> **Work order**:
The line containing "Ljusgrå (vit) Begagnad" and every line after it, through the end of the records below, are to be reproduced exactly, with the pictures left out.
──────── Material for the task
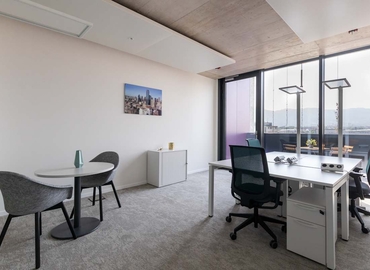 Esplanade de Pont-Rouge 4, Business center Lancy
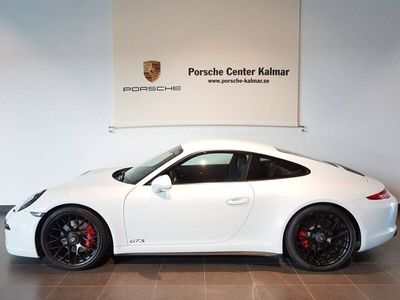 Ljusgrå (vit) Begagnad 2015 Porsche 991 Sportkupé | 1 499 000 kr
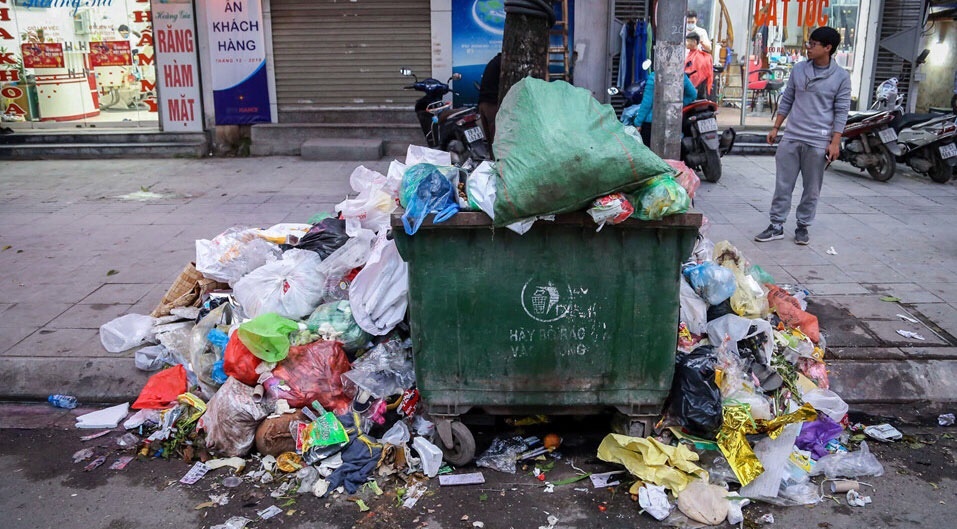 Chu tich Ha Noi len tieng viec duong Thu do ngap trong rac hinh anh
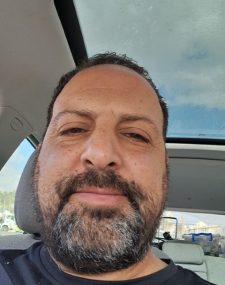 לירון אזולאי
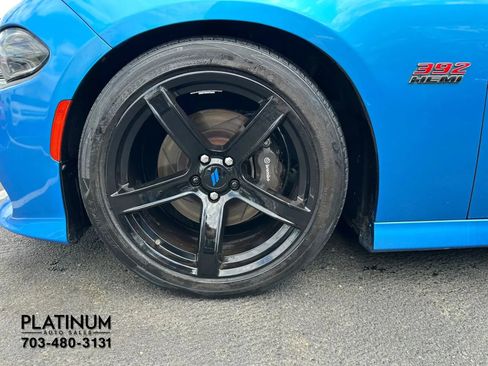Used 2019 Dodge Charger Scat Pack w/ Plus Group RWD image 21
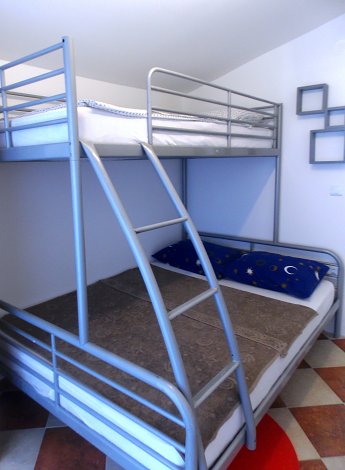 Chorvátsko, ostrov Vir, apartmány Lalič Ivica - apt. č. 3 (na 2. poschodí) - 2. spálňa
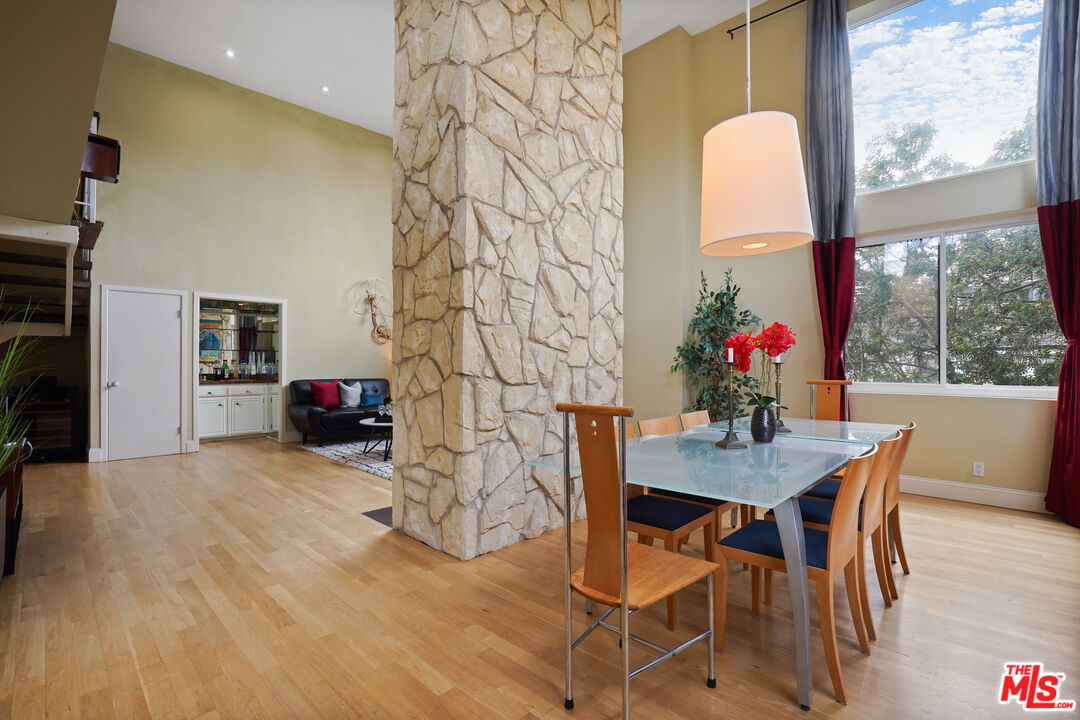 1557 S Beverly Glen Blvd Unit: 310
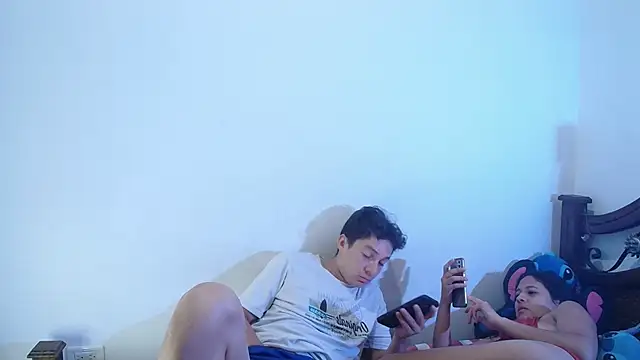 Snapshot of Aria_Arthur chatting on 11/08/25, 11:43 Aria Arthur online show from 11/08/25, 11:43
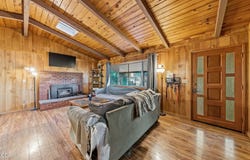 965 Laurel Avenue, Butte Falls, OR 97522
────────────────
> **Solution to this problem**:
 Ljusgrå (vit) Begagnad 2015 Porsche 991 Sportkupé | 1 499 000 kr
 Chu tich Ha Noi len tieng viec duong Thu do ngap trong rac hinh anh
 לירון אזולאי
Used 2019 Dodge Charger Scat Pack w/ Plus Group RWD image 21
 Chorvátsko, ostrov Vir, apartmány Lalič Ivica - apt. č. 3 (na 2. poschodí) - 2. spálňa
 1557 S Beverly Glen Blvd Unit: 310
 Snapshot of Aria_Arthur chatting on 11/08/25, 11:43 Aria Arthur online show from 11/08/25, 11:43
 965 Laurel Avenue, Butte Falls, OR 97522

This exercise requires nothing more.